__Extracted data__

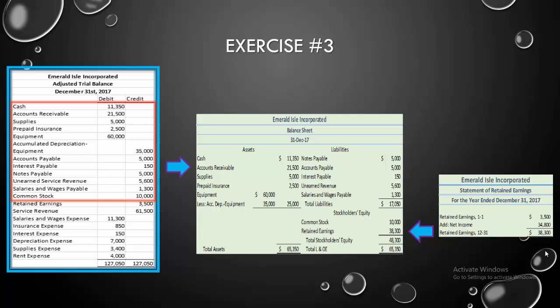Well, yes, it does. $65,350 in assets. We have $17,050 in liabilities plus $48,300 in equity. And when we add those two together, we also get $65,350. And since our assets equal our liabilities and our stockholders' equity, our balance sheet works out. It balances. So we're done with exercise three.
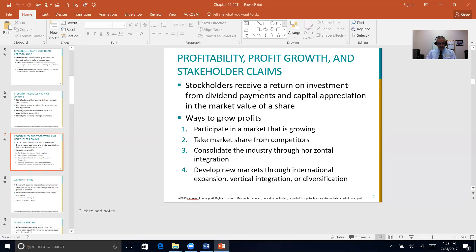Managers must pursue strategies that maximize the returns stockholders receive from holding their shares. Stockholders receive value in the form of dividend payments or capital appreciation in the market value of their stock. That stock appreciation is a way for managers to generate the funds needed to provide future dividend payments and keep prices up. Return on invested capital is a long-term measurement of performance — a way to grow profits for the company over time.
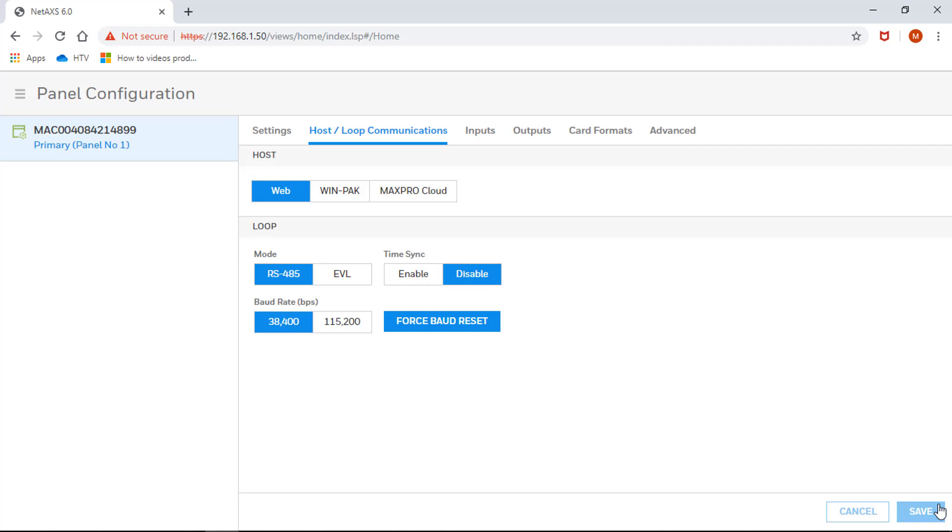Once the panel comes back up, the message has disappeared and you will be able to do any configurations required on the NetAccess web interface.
* * *
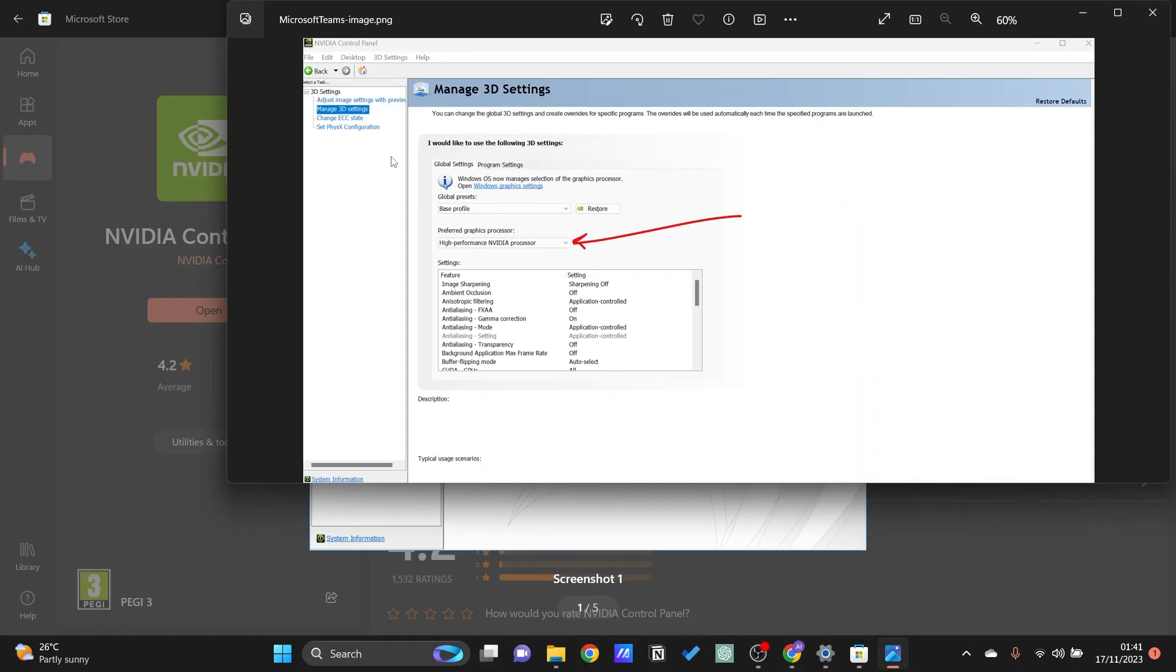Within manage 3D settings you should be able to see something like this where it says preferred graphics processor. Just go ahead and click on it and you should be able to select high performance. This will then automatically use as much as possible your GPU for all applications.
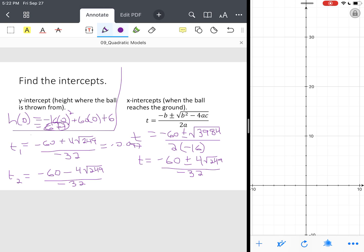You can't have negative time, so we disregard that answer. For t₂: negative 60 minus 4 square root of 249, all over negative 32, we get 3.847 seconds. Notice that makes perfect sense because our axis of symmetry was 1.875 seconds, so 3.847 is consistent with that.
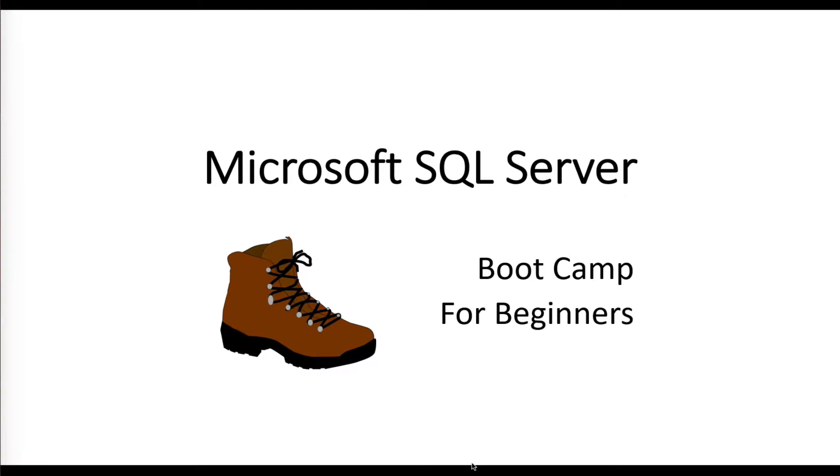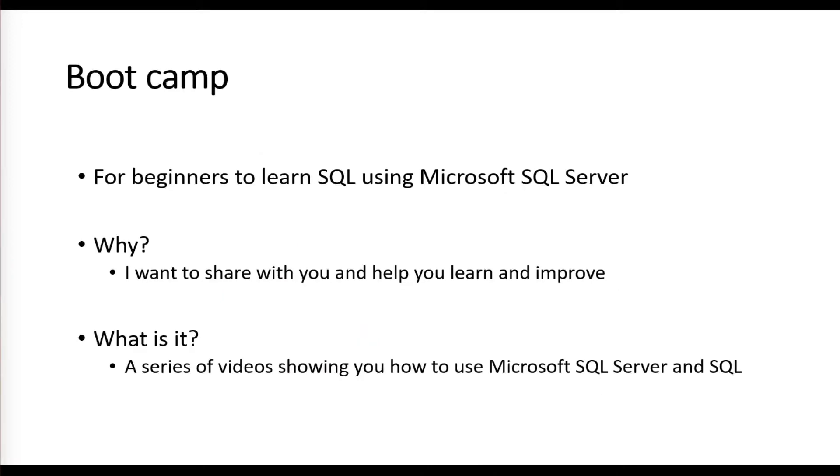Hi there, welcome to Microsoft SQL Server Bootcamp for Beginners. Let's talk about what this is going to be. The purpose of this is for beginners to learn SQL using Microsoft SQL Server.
* * *
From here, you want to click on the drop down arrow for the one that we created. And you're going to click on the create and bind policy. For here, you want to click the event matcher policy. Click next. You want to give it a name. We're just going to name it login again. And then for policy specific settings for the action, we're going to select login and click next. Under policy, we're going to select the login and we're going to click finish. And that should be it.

__Exercise__
Using the entries above, reproduce word for word only the lines from the one that contains "You can't have" to the one that contains "Hi there, welcome", both ends included, and drop every picture.

__Exercise output__
You can't have negative time, so we disregard that answer. For t₂: negative 60 minus 4 square root of 249, all over negative 32, we get 3.847 seconds. Notice that makes perfect sense because our axis of symmetry was 1.875 seconds, so 3.847 is consistent with that.
Hi there, welcome to Microsoft SQL Server Bootcamp for Beginners. Let's talk about what this is going to be. The purpose of this is for beginners to learn SQL using Microsoft SQL Server.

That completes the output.